__Problem description__.
Write out only the lines from the line that holds "Dambyxor - Urban" to the end of the listing below, inclusive, with the pictures omitted.

··· Data shown

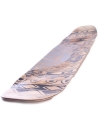 Riviera Mystic Amanda Powell Longboard Longboard Deck. Image 1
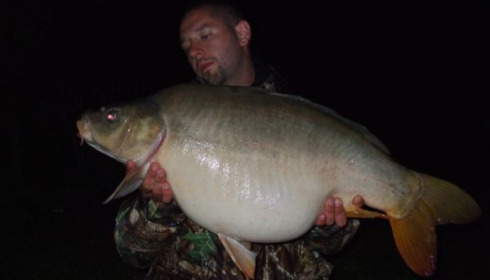 A carp from Lillypool, Dave Cameron, Jun 2010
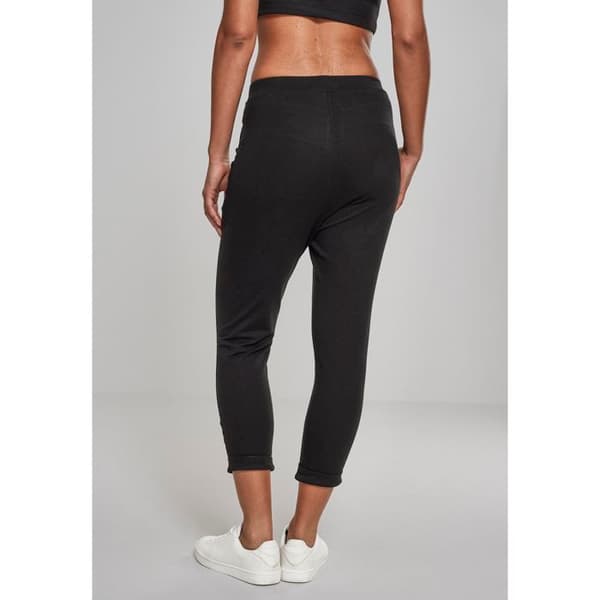 Dambyxor - Urban Classic - Terry - Svart - Loose fit - Standardstorlek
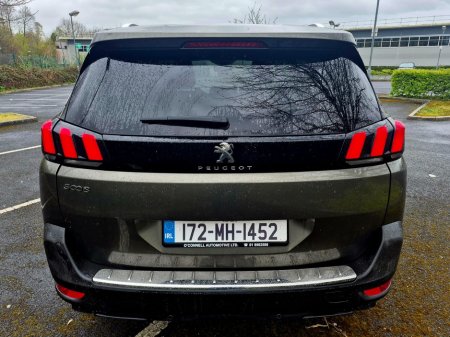 2017 Peugeot 5008 - thumbnail 2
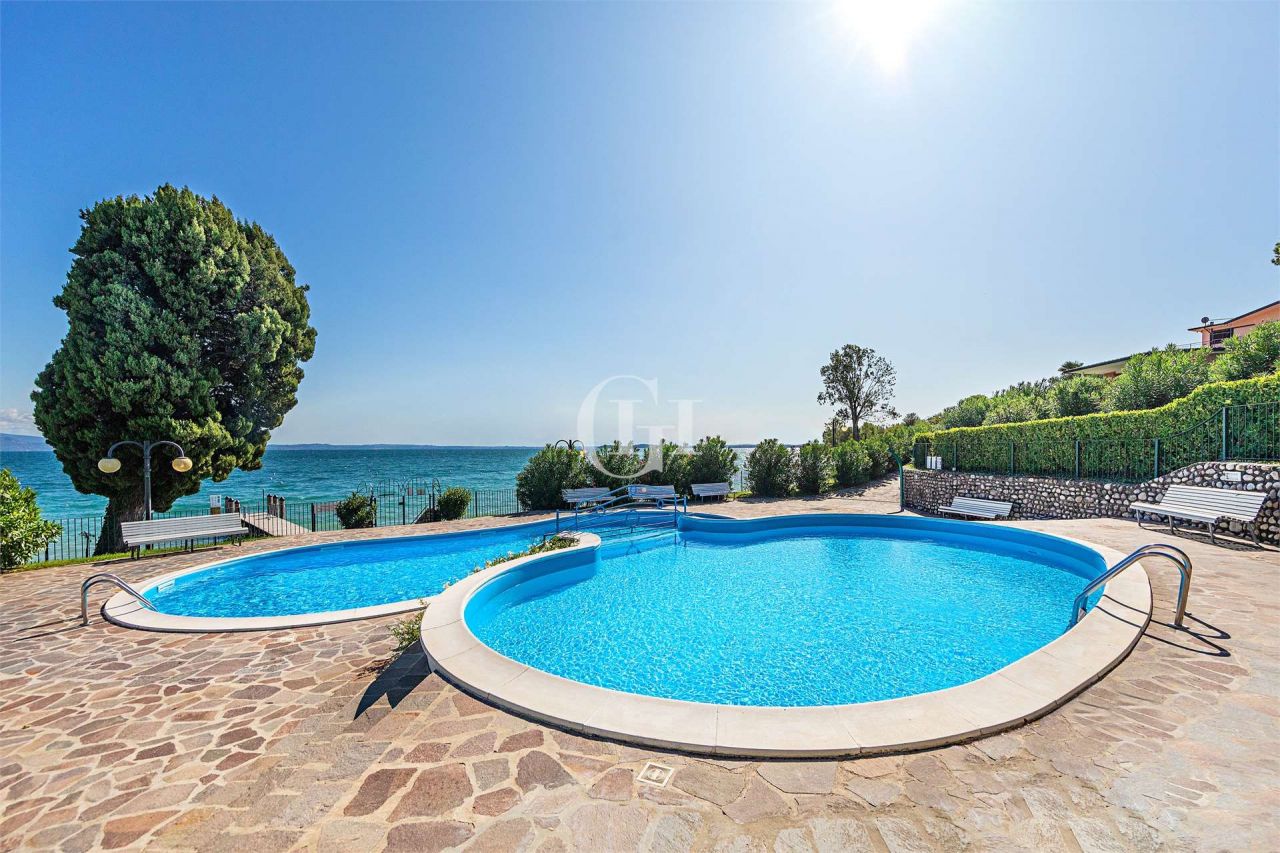 Appartamenti sul Lago di Garda, Italia, 90 m² - foto 14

······

__Answer area__.
 Dambyxor - Urban Classic - Terry - Svart - Loose fit - Standardstorlek
 2017 Peugeot 5008 - thumbnail 2
 Appartamenti sul Lago di Garda, Italia, 90 m² - foto 14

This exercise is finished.